Гаинде-лев залег под деревом, рыча и в ярости колотя хвостом по земле и по своим бокам.

Ночь шла…

И любопытная луна, подглядывавшая сквозь листву бавольника, спрашивала себя, что за огромные летучие мыши шевелятся на его ветвях и не вылетают из своего убежища, как это делают по ночам все летучие мыши на свете.

Время шло…

Наконец один из сыновой Буки захныкал:

Бей! Токи! Отец! Я устал!

А отец отвечал:

Потерпи! Устал? Или хочешь, чтобы дядя Лев тебя сожрал?

Но Буки не тратил лишних слов — наверное, берег слюну; он только предупреждал детей, когда они жаловались на усталость:

— Бой!

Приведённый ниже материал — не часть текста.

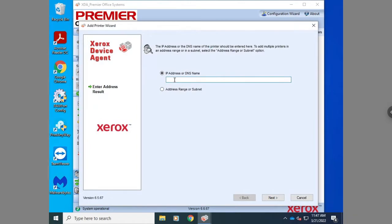Once the wizard is open, you're going to see an option to type in the IP address of your device. After you type the IP address in, hit next.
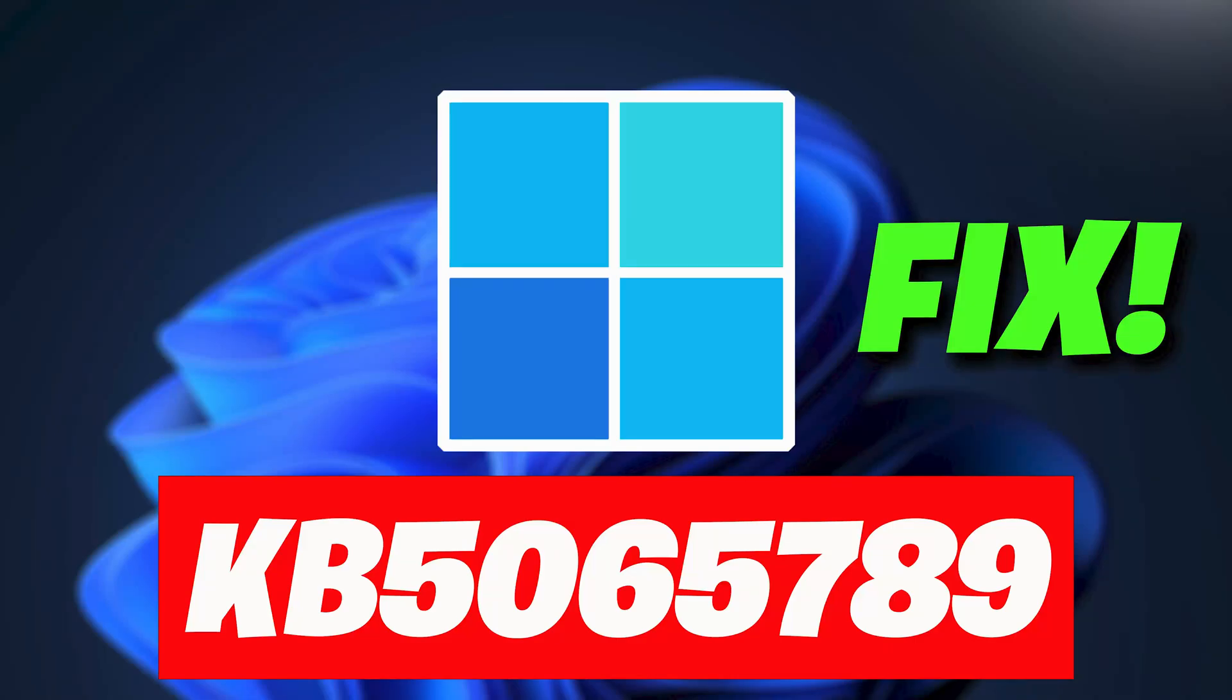Error 0x800F0983 is a Windows Update Installation Failure Code. It usually appears when the update process fails because of corrupted system files, damaged update components, or conflicts with existing configurations. In the context of KB5065789, it means Windows attempted to install the cumulative update but could not complete the process due to integrity or compatibility problems.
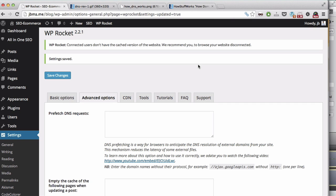Hi, we're going to see how the DNS prefetching option of WP Rocket works.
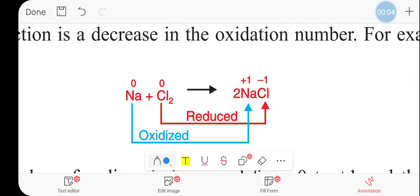In this tutorial, I will show you how to solve the problem. The oxidation state of any free element is zero.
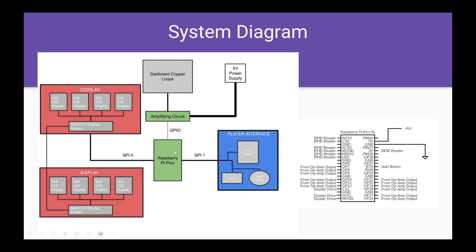There are also two SPI buses connecting the displays and the player interface with the RFID reader, LED, and start button to the Pi Pico. This is the pinout for the Pi Pico microcontroller.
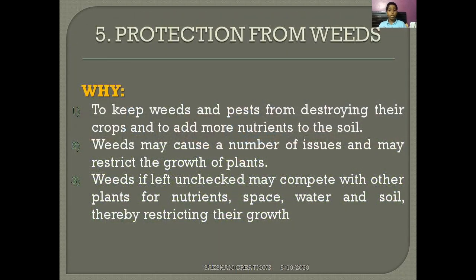Why is protection from weeds important? First, to keep weeds and pests from destroying the crops and to ensure more nutrients are available in the soil. Second, weeds may cause a number of issues and restrict the growth of plants. Weeds, if left unchecked, may compete with other plants for nutrients, space, water, and soil, thereby restricting their growth.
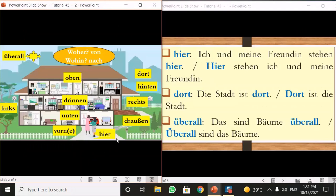Starting with 'here,' which is 'hier' — let's look at some examples. 'Ich und meine Freundin stehen hier' means 'I and my friend are standing here.' So I am this woman in the pink dress and this other woman is my friend. There are two possible ways of positioning these adverbs in sentences: they can be positioned at the end of the sentence or at the very beginning.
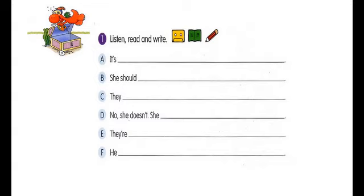D. Does she ever take the bus to work? No, she doesn't. She usually takes her car.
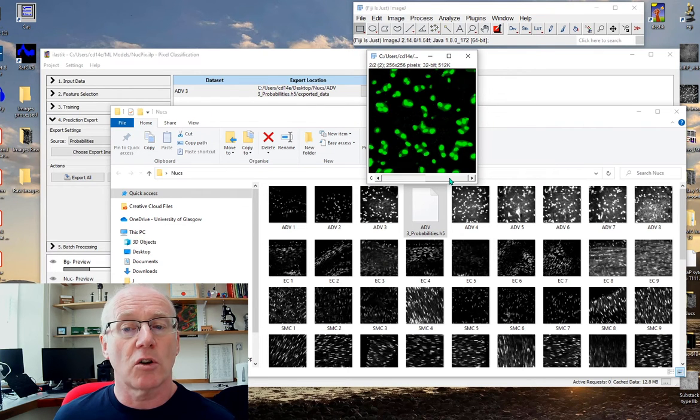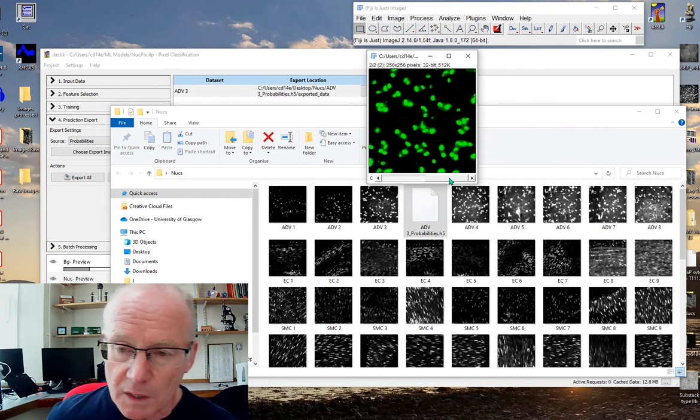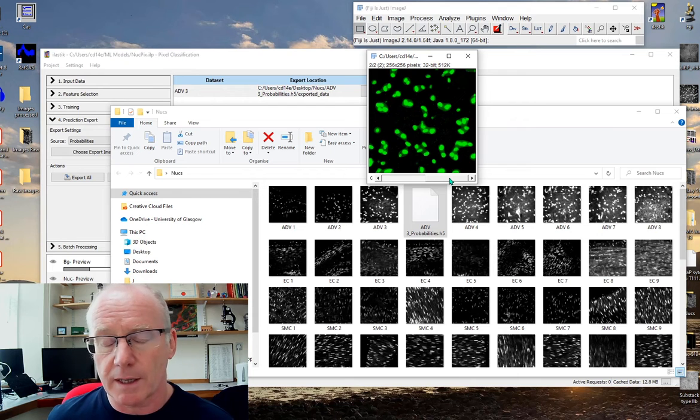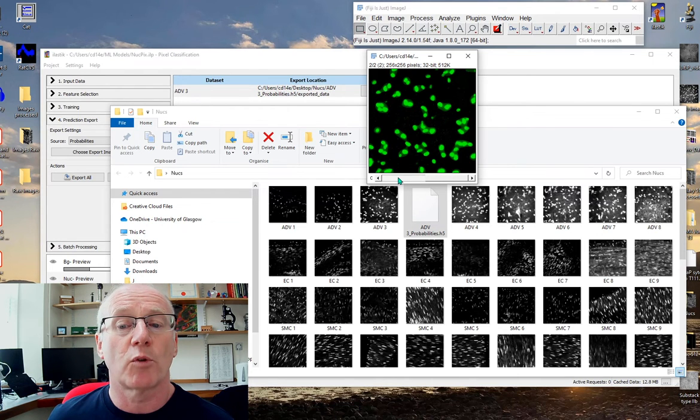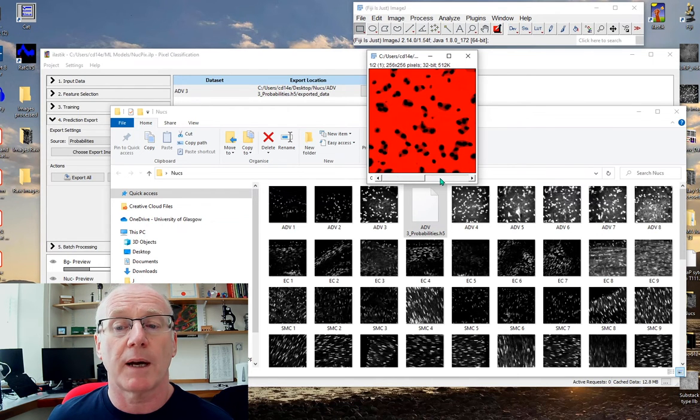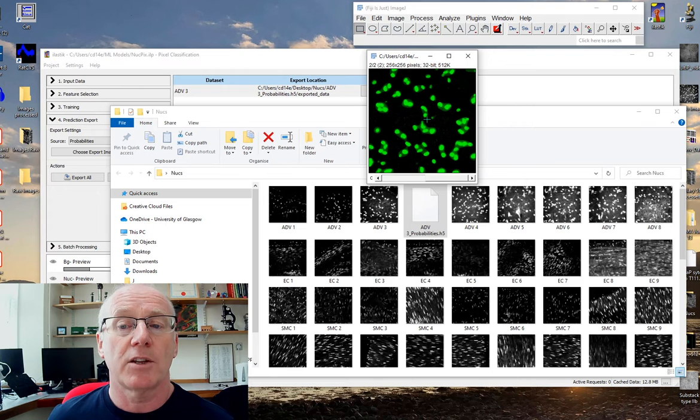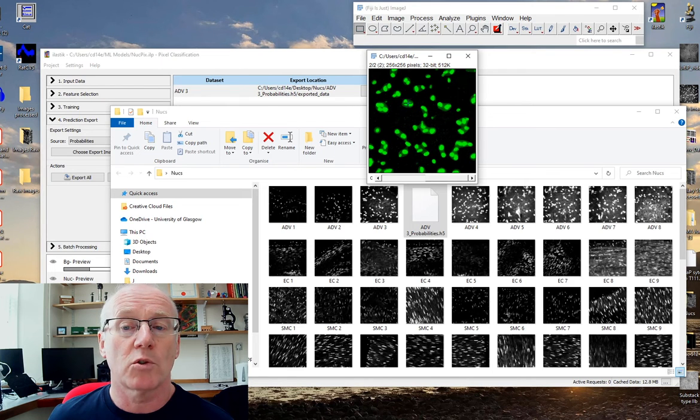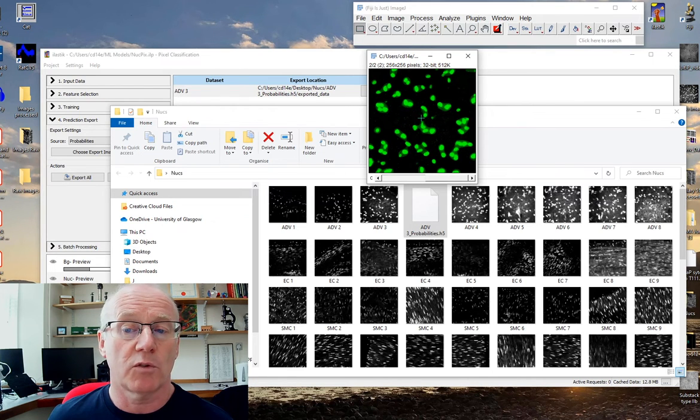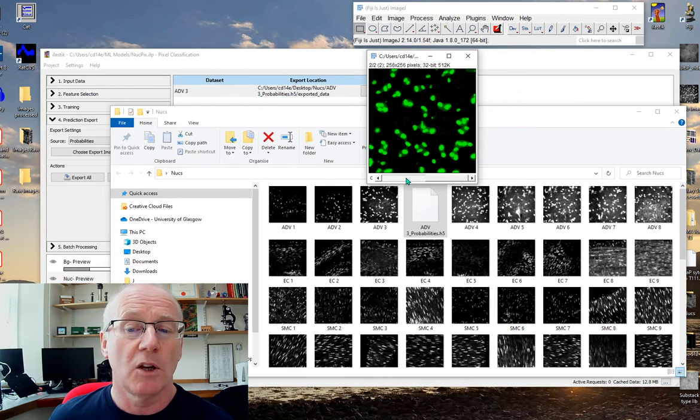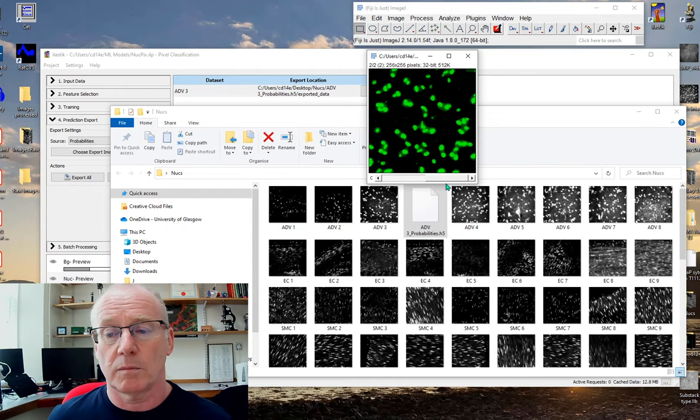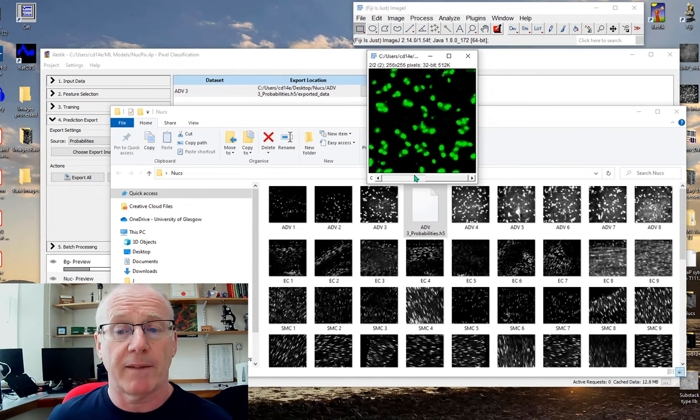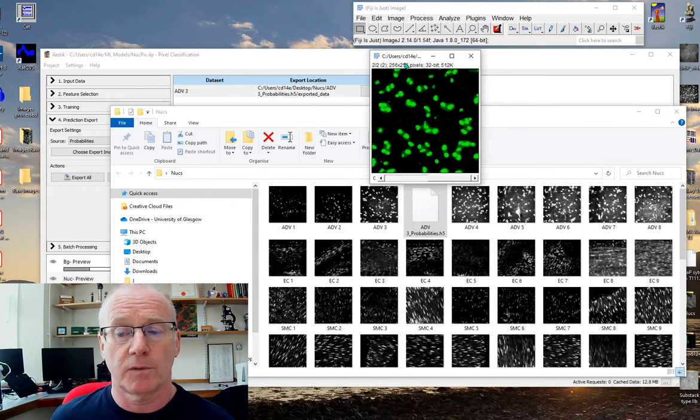Now this is not a segmentation, this is a probability map. As you run the mouse over the image it gives you some values for probability. You would have to segment that image yourself.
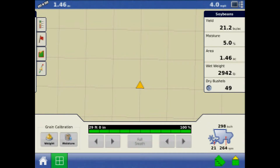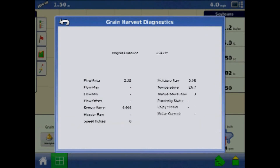As is, the readout gives header height, elevator speed, and bushels per hour. Pressing the combine icon prompts the Harvest Diagnostics page, which gives data for several metrics.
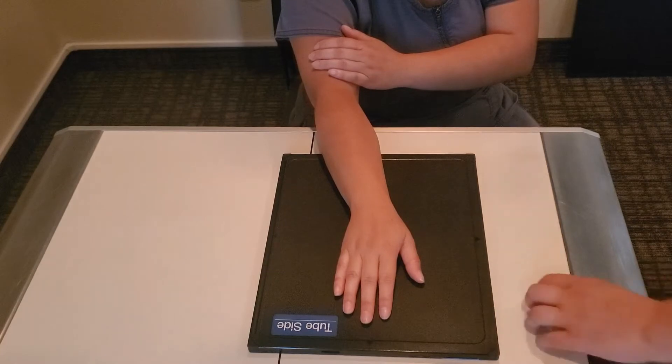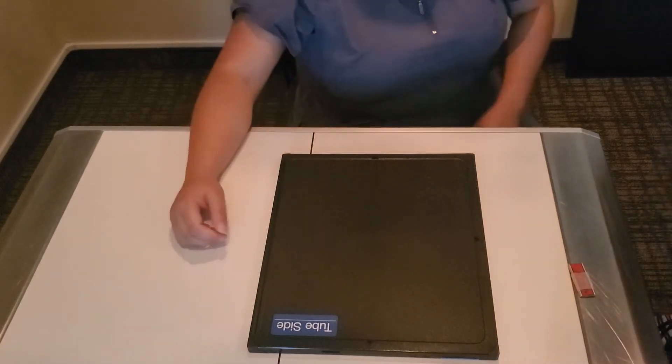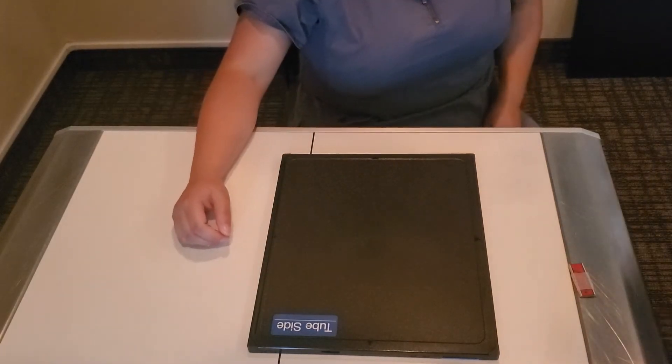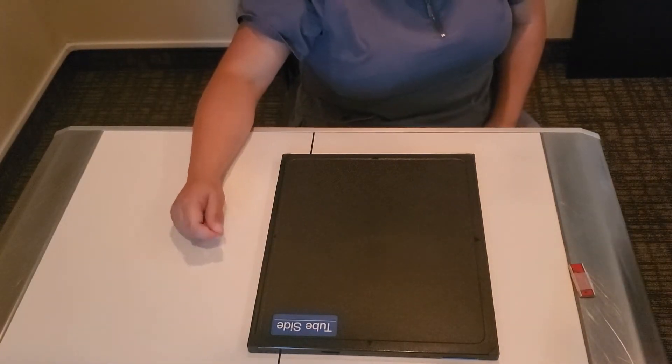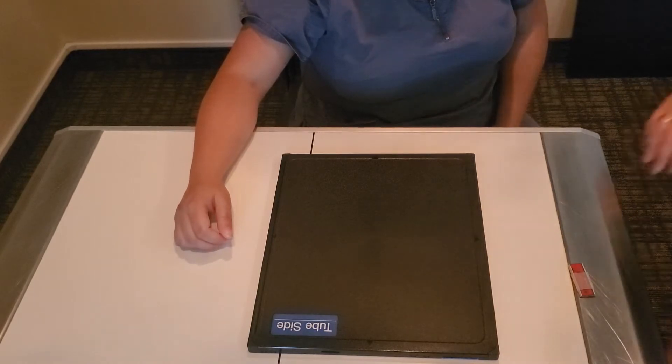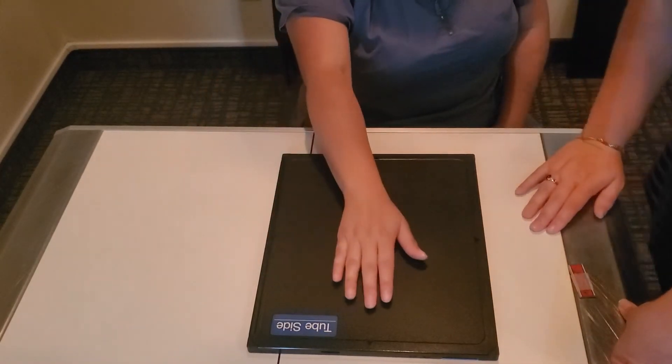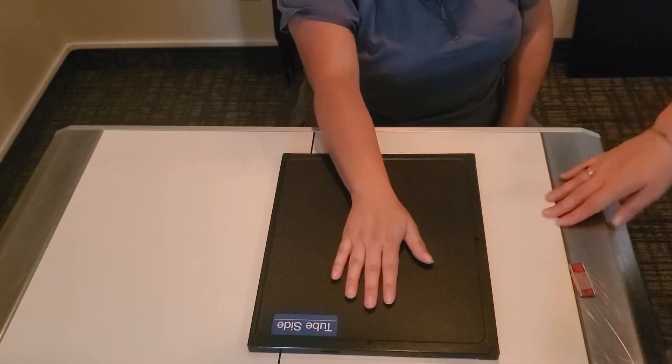Okay, so the last body area that you could be tested on for this next proficiency is the wrist. So I'm going to have you rest your hand flat down.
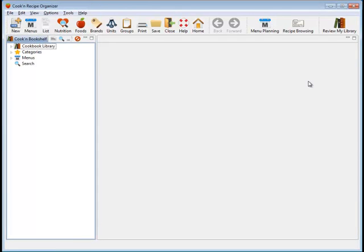Hello, my name is Dan Oaks. I'm the president of DVO Enterprises and the creator of the Cook'n software. I'm actually the programmer who made it, and I'm going to take just a couple minutes here to show you how easy it is to use Cook'n and to explain why Cook'n is the number one best-selling recipe organizer with over 3 million copies sold.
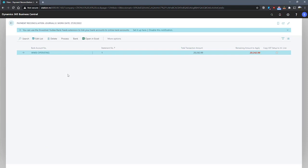The payments when entered are applied to open customer or vendor ledger entries that match based on payment text and entry information.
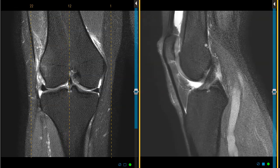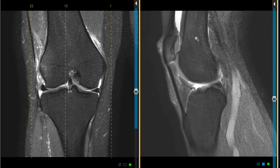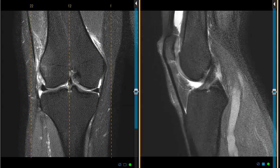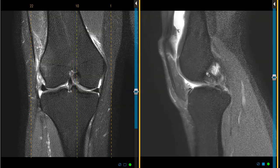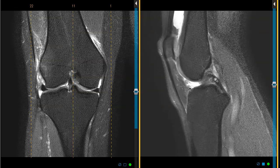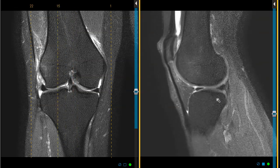This is a sagittal view. Her femur is here, her tibia is here. She had a pop, so we worry about the ACL, but her ACL looks pristine. This is her anterior cruciate ligament, ACL, coming from the femur to the tibia. Her PCL is this dark band here, looking normal, so no ACL tear.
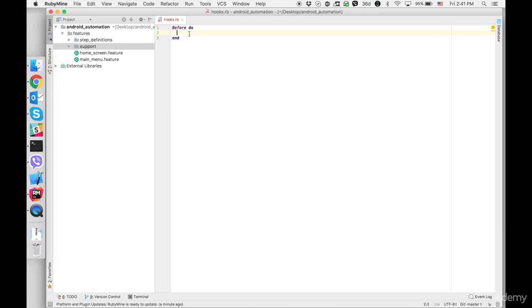So between do and end is going to be executed before every test scenario. For now let's do print statement before hook is executed.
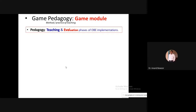Another method is think-pair-share. You give a small topic, teach it, pose a question, make pairs of students, and ask them to collaborate and interact with each other to come up with solutions or answers. When students share, if something is wrong, the teacher corrects it. During this process, other students are also learning, so peer learning also happens.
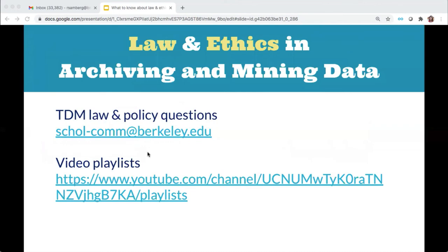We hope this overview was helpful. If you're a UC Berkeley community member, we invite you to contact us with questions at the email address here. Our video playlists going into all of these issues in more detail are available to everyone on our YouTube channel, linked right from this slide.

Токи!
— Потерпи, хоть и устал! А не то слетишь ты к дяде — И пропал!

Вдруг послышался долгий, жалобный крик и шум, как будто шлепнулся на землю полный бурдюк; потом рычание и звонкий удар лапы Гаинде по животу одного из маленьких Буки.

И тут радостно заблеяли освобожденные из этого живота ягнята и овцы, послышался важный голос барана.

Ночь проходила….

Часы бежали, и вот взошло солнце… Гаинде по-прежнему в ярости бил хвостом.

Из распоротых животов трех маленьких Буки уже выскочили ягнята; как и их братья, матери и отцы, они резвились неподалеку от дерева. Тут была треть стада старой Кудьи.

Колючки бавольника все глубже впивались в лапы Буки и его оставшихся в живых отпрысков. Один из них захныкал:

Бей! Я устал!

И отец гнусаво проворчал:

Токи! Токи! Вот слетишь вниз к дяде, И пропал!

Дети падали один за другим. Напрасно молили они отца о помощи — он и сам-то еле держался.

Гаинде-лев, гневно рыча, распарывал им животы и выпускал на волю стадо своей тещи.

Когда ранним утром солнце раскрыло свои большие глаза, листва бавольника не скрыла от него Буки, дрыгавшего ногами на самой высокой ветке. Не в силах больше терпеть, Буки захныкал в свой черед:

Дядя! Я устал!

Гаинде-лев ахнул от изумления.

Вот слетишь ты к дяде, И пропал! —

захихикал он, передразнивая Буки.

— Ах, дядя Гаинде, — сказал тот, — как ты можешь поступать так со свояком?

Гаинде-лев расхохотался, он смеялся до слез и так долго, что не заметил, как свояк рухнул к его ногам, и стук, словно от падения полного бурдюка, застал его врасплох.

Его широкая, тяжелая лапа только задела Буки, который уже вскочил на ноги и улепетывал, опустив зад и теряя на бегу последние остатки стада своей тещи.